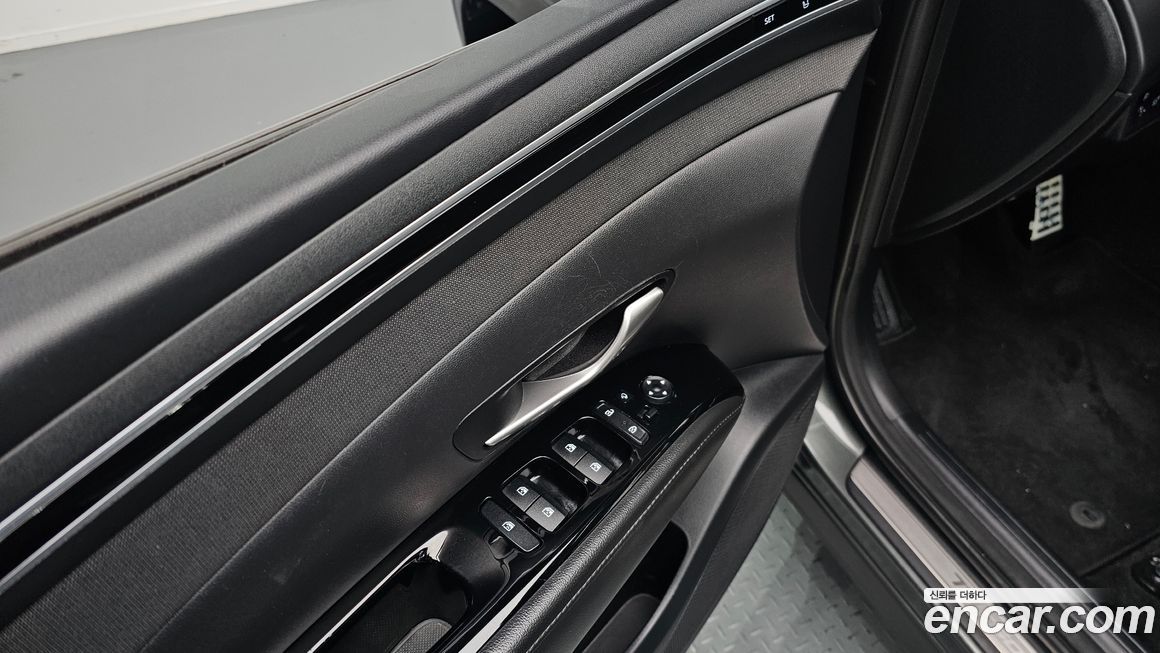 Hyundai Tucson 2021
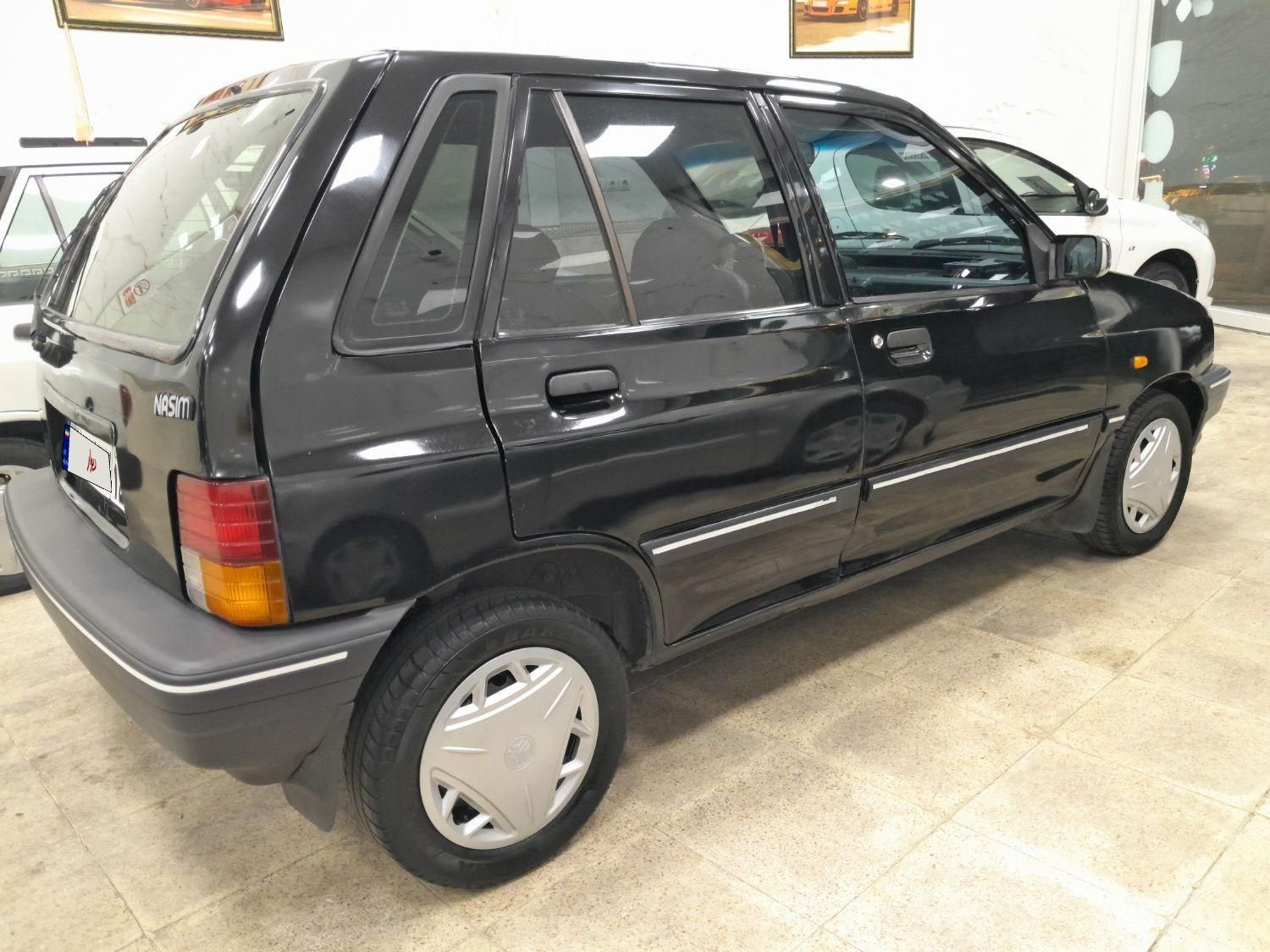 پراید 111 LX - 1386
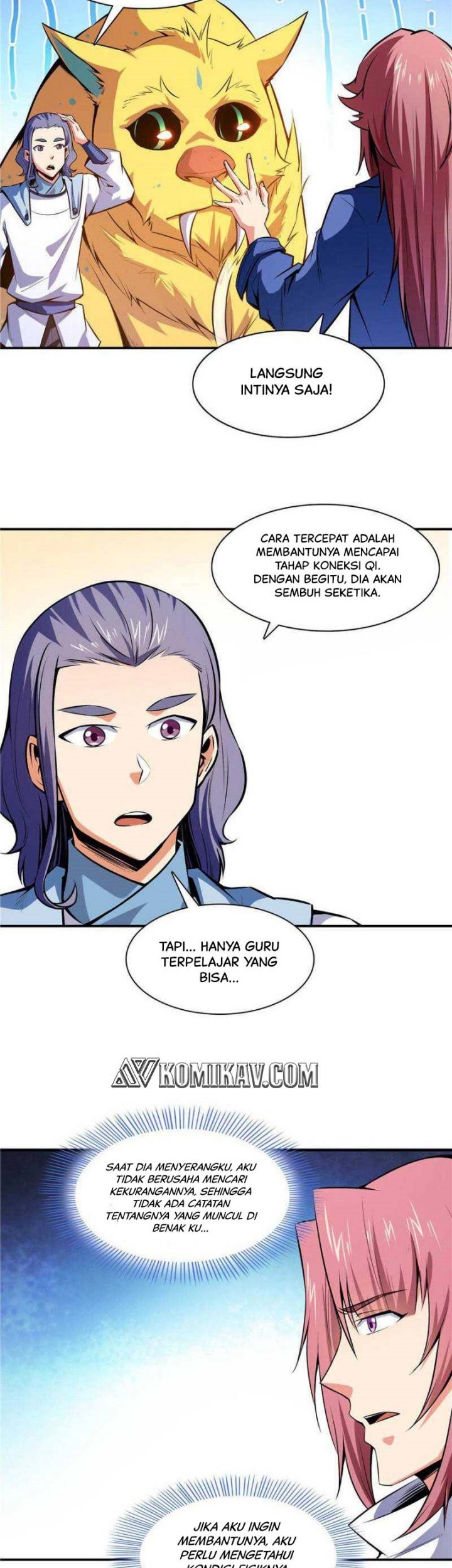 Library Tiandao Chapter 145 - halaman 12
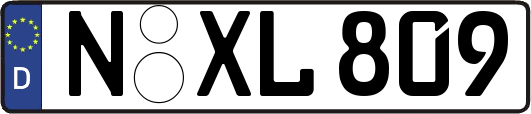 N-XL809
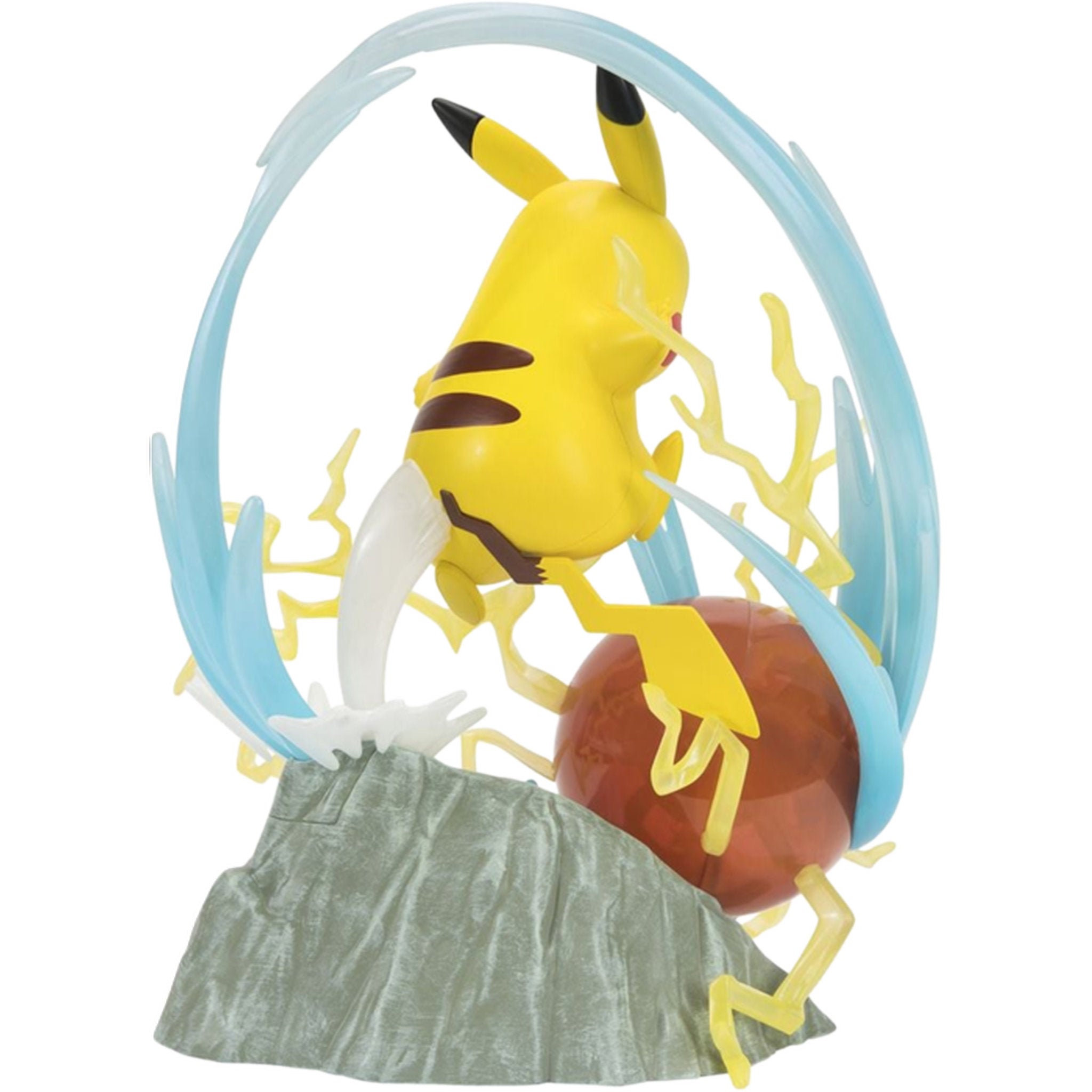 Pokemon Deluxe Collector 15 Inch Figure - Pikachu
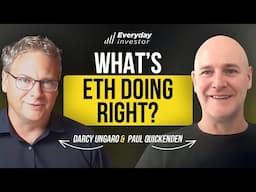 Ethereum vs Bitcoin: Why ETH is Suddenly Outperforming Again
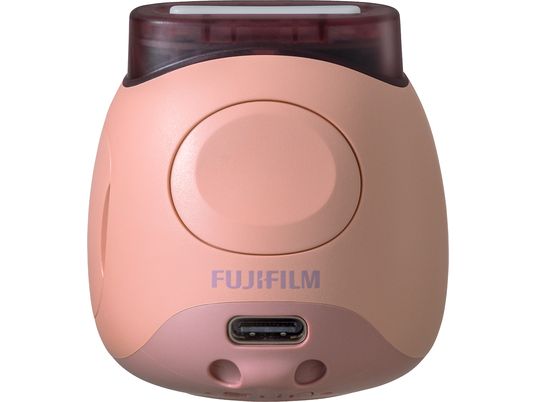 FUJIFILM instax Pal - Fotocamera digitale Powder Pink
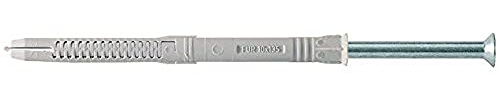 Fischer 70110 Jeu de 50 Chevilles universelles pour cadres FUR-T 8 x 80 mm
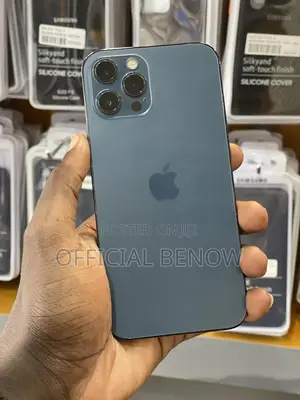 Apple iPhone 12 Pro Max 128 GB Blue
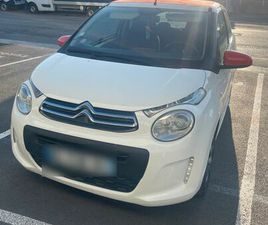 CITROËN C1 CITIZEN AIRSCAPE – 2014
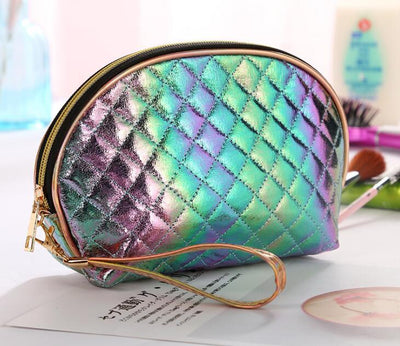 Bolsa Organizadora de Cosméticos con Bordado Sinfónico - Image 6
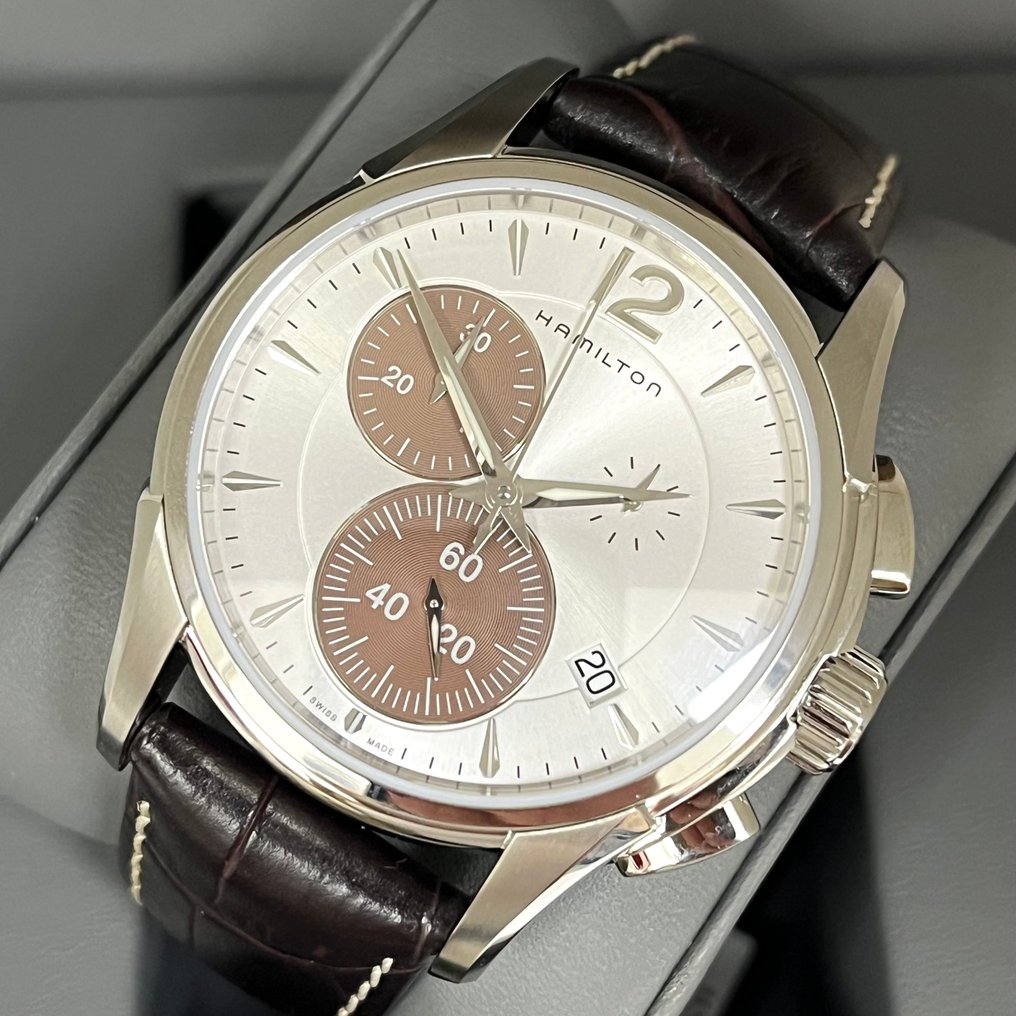 Hamilton - Jazzmaster - H32612551 - Men - 2020+  #2.1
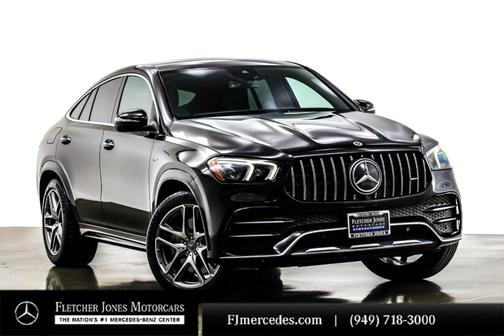 Photo 1 of 34 of 2021 Mercedes-Benz AMG GLE 53 Base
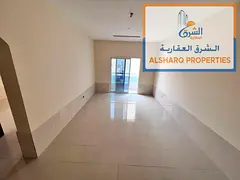 One bedroom and living room, spacious, in Rawda 2, central air conditioning, free maintenance, near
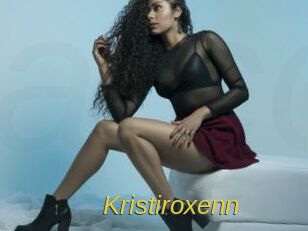 Kristiroxenn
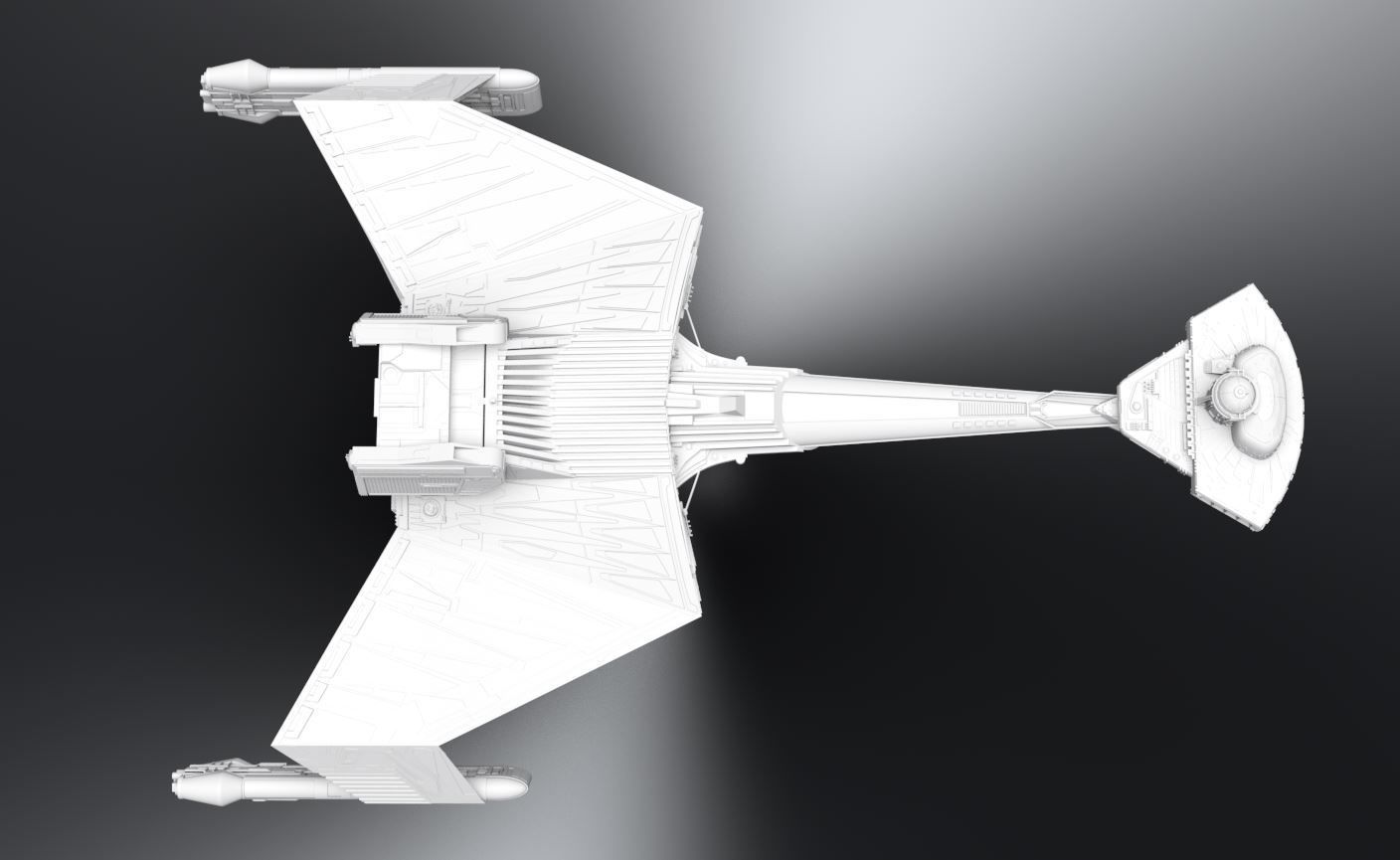 K Tinga Scale model   3D print model_3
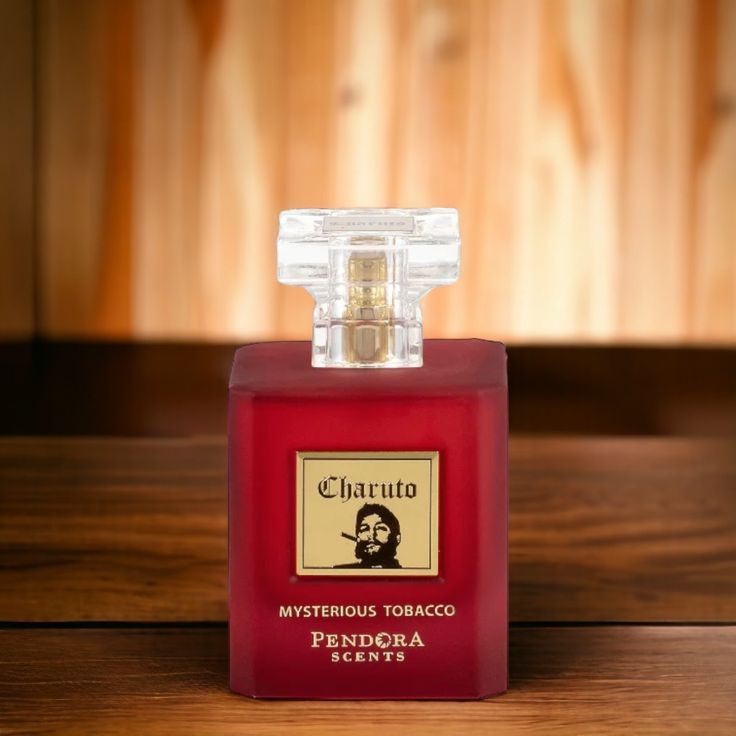 Charuto Mysterious tobacco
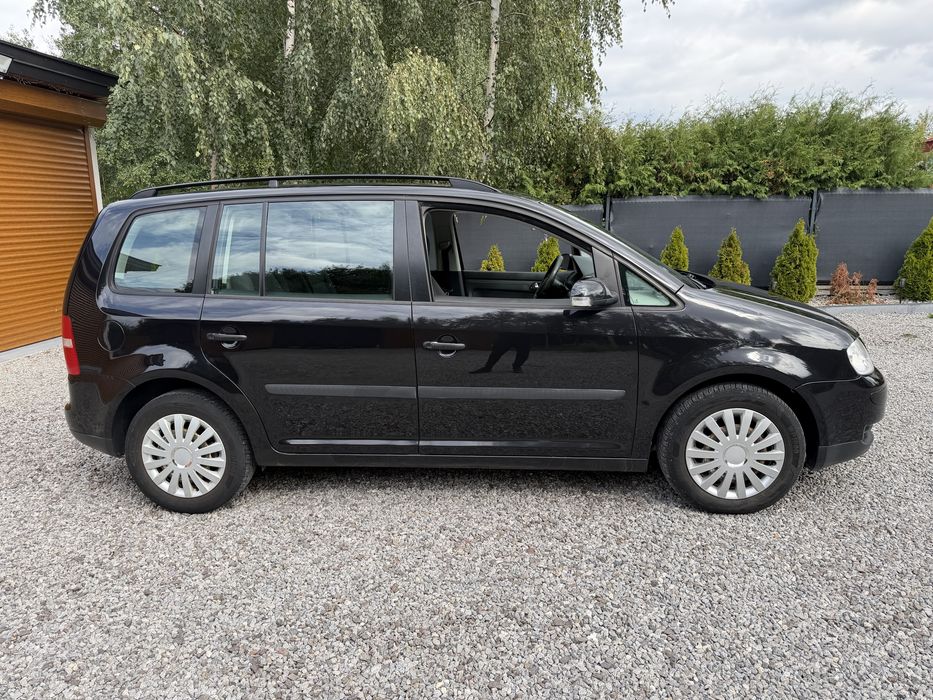 Vw touran 1.9 tdi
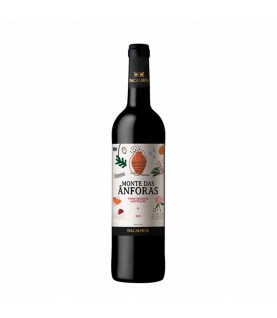 VINHO MONTE DAS ÂNFORAS TINTO 75CL
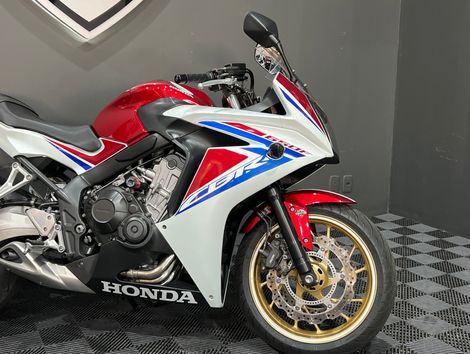 HONDA CBR 650F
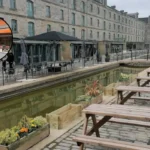 Choose Books: Trainspotting Tribute in Leith, Edinburgh 2026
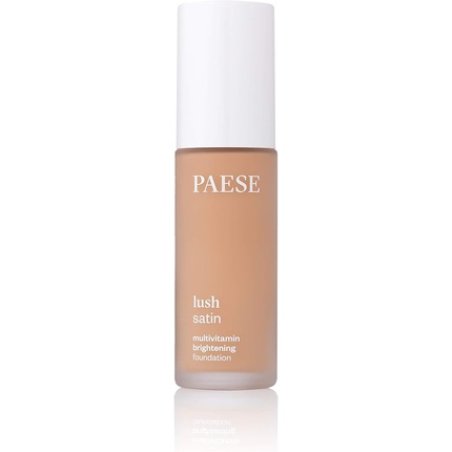 Paese Cosmetics Lush Satin Foundation Shade Number 32 50ml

Exercise description
What is needed is the exact run of lines from the start of the data through the line with "Apple iPhone 12 Pro Max 128 GB Blue", both ends included, minus the pictures.

Answer
 Hyundai Tucson 2021
 پراید 111 LX - 1386
 Library Tiandao Chapter 145 - halaman 12
 N-XL809
 Pokemon Deluxe Collector 15 Inch Figure - Pikachu
 Ethereum vs Bitcoin: Why ETH is Suddenly Outperforming Again
 FUJIFILM instax Pal - Fotocamera digitale Powder Pink
 Fischer 70110 Jeu de 50 Chevilles universelles pour cadres FUR-T 8 x 80 mm
 Apple iPhone 12 Pro Max 128 GB Blue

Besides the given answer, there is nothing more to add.